*WORK REQUEST*
The data must be returned in full, with no character altered.

Source data
--- START ---
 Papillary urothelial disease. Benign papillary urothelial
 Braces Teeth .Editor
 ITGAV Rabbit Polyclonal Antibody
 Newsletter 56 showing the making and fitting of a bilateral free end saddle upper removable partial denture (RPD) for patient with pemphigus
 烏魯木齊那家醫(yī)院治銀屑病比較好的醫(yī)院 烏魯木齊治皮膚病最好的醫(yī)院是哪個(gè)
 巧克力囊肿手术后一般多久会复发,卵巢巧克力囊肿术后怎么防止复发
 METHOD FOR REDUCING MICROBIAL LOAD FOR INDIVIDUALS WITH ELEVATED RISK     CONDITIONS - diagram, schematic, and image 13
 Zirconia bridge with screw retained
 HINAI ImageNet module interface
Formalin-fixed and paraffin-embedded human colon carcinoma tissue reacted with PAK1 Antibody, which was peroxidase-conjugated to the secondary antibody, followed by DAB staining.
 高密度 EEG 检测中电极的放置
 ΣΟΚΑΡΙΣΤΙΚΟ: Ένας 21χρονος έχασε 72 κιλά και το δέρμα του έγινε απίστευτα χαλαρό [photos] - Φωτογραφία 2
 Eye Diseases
--- END ---
*WRITTEN ANSWER*
 Papillary urothelial disease. Benign papillary urothelial
 Braces Teeth .Editor
 ITGAV Rabbit Polyclonal Antibody
 Newsletter 56 showing the making and fitting of a bilateral free end saddle upper removable partial denture (RPD) for patient with pemphigus
 烏魯木齊那家醫(yī)院治銀屑病比較好的醫(yī)院 烏魯木齊治皮膚病最好的醫(yī)院是哪個(gè)
 巧克力囊肿手术后一般多久会复发,卵巢巧克力囊肿术后怎么防止复发
 METHOD FOR REDUCING MICROBIAL LOAD FOR INDIVIDUALS WITH ELEVATED RISK     CONDITIONS - diagram, schematic, and image 13
 Zirconia bridge with screw retained
 HINAI ImageNet module interface
Formalin-fixed and paraffin-embedded human colon carcinoma tissue reacted with PAK1 Antibody, which was peroxidase-conjugated to the secondary antibody, followed by DAB staining.
 高密度 EEG 检测中电极的放置
 ΣΟΚΑΡΙΣΤΙΚΟ: Ένας 21χρονος έχασε 72 κιλά και το δέρμα του έγινε απίστευτα χαλαρό [photos] - Φωτογραφία 2
 Eye Diseases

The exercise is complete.